What to work on
The answer must be the lines from the one that holds "Bộ phận tiếp" through the final line of the data, copied exactly, with no pictures.

Provided entries
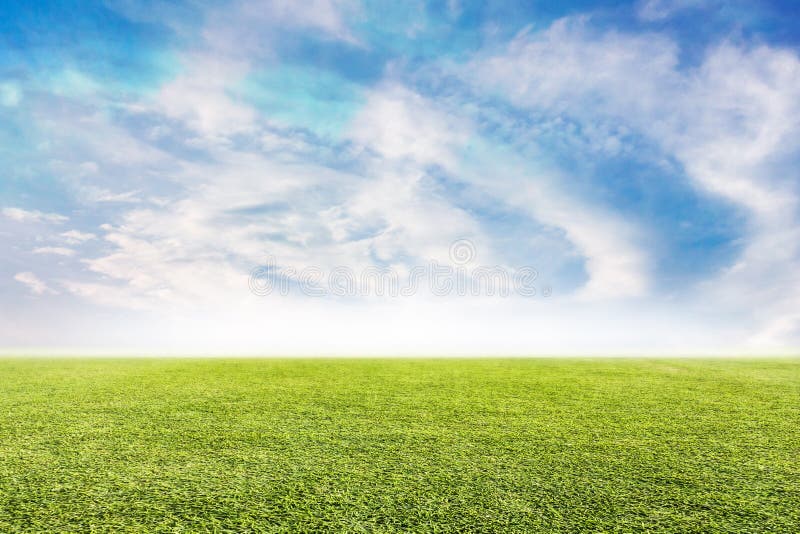 Fundo verde do gramado e do céu fotografia de stock royalty free Fundo verde do gramado e do céu fotografia de stock royalty free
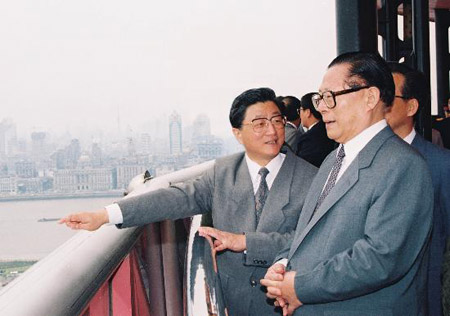 图文:1995年江泽民在黄菊陪同下视察上海浦东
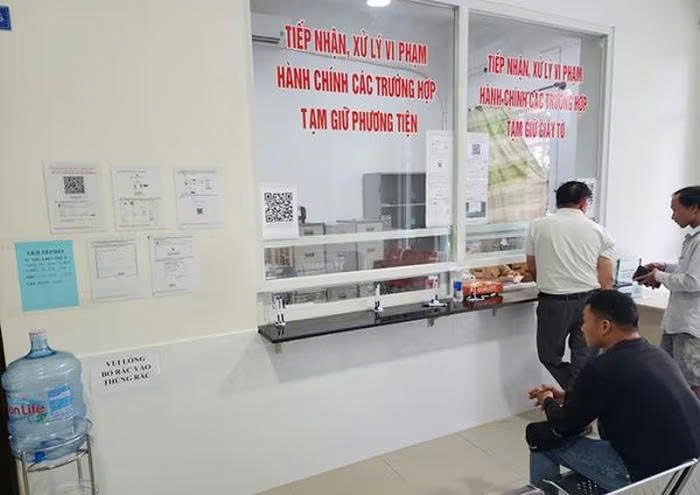 Bộ phận tiếp nhận xử lý vi phạm hành chính của lực lượng CSGT. Ảnh: ITN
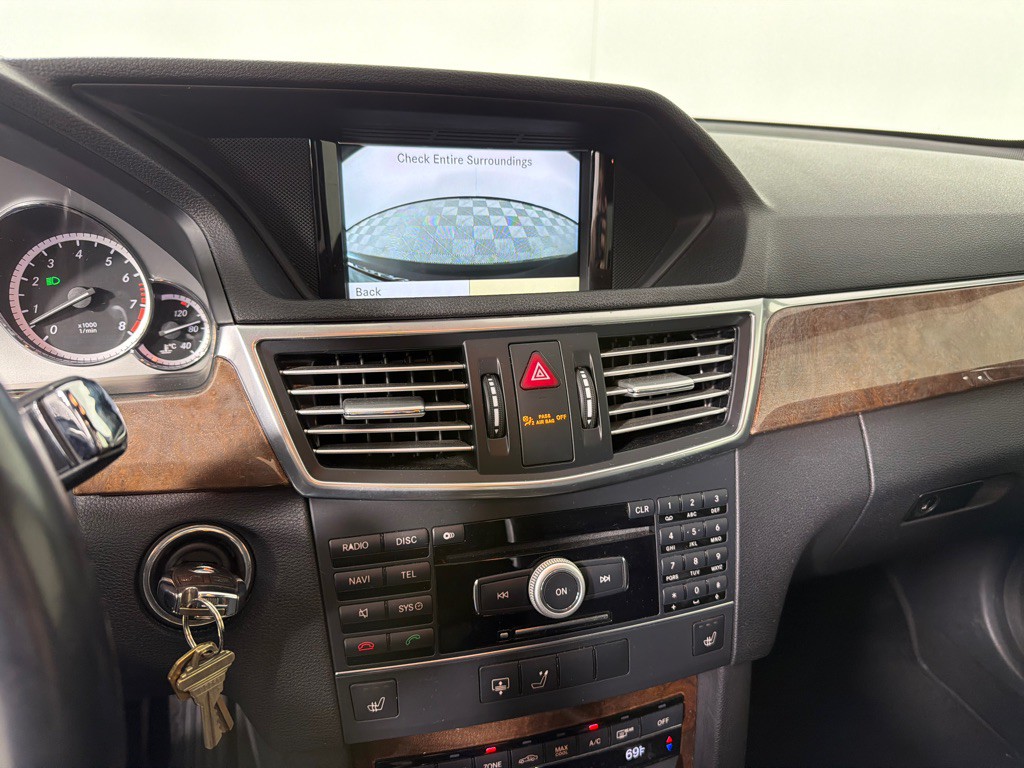 2011 Mercedes-Benz E-Class Image 18
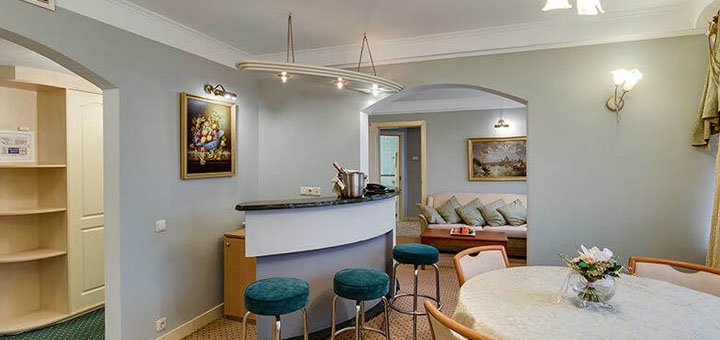 Discounts for holidays at premier hotel lybid13
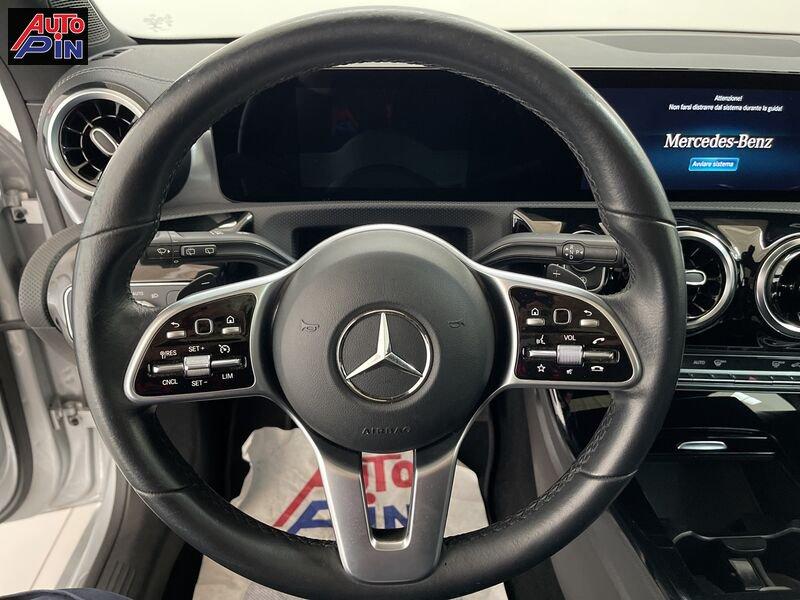 Mercedes-Benz CLA S.Brake 180 d AutoCLA matic Shooting Brake *Tetto*Cerchi*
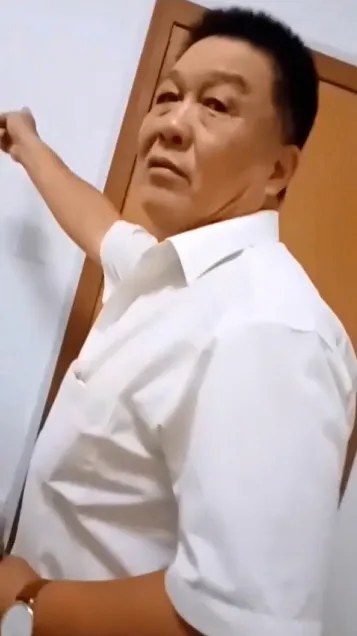 DADDY-V-73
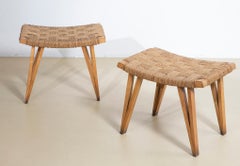 Coppia di sgabelli Augusto Romano, in legno e corda intrecciata, Italia anni ‘40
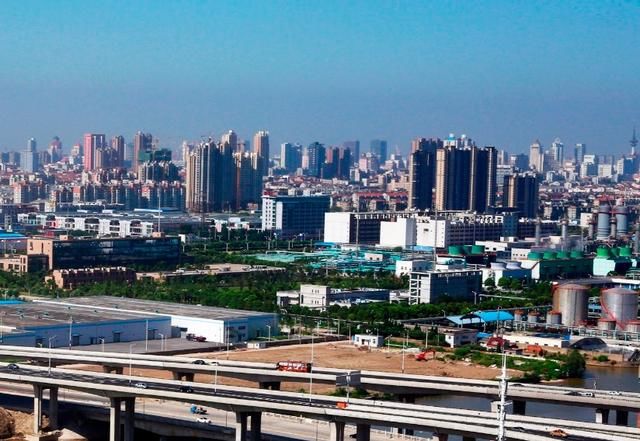 还在等待房价大跌?专家:楼市调控需力度适中,不宜用力过猛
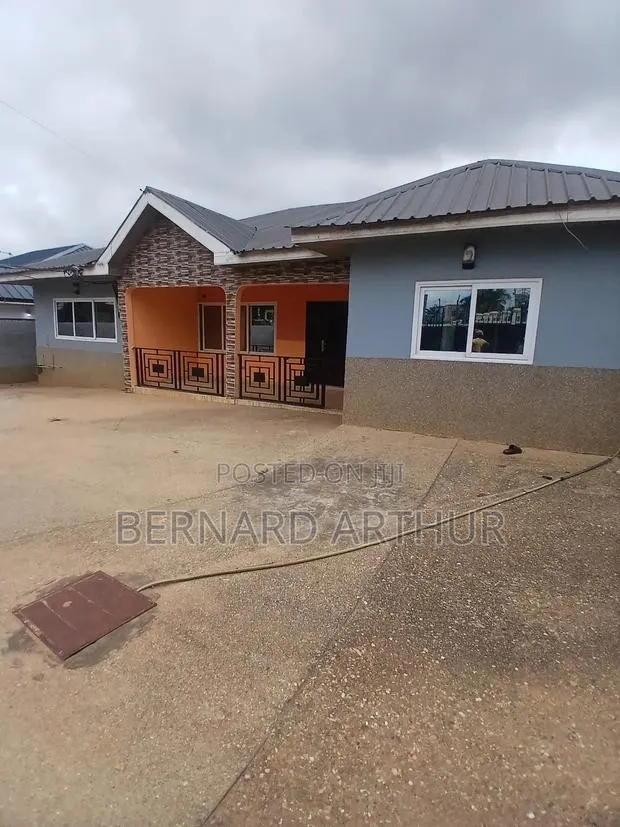 5bdrm House in Bernard Agency, Pokuase for rent · Photo 1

Exercise output
 Bộ phận tiếp nhận xử lý vi phạm hành chính của lực lượng CSGT. Ảnh: ITN
 2011 Mercedes-Benz E-Class Image 18
 Discounts for holidays at premier hotel lybid13
 Mercedes-Benz CLA S.Brake 180 d AutoCLA matic Shooting Brake *Tetto*Cerchi*
 DADDY-V-73
 Coppia di sgabelli Augusto Romano, in legno e corda intrecciata, Italia anni ‘40
 还在等待房价大跌?专家:楼市调控需力度适中,不宜用力过猛
 5bdrm House in Bernard Agency, Pokuase for rent · Photo 1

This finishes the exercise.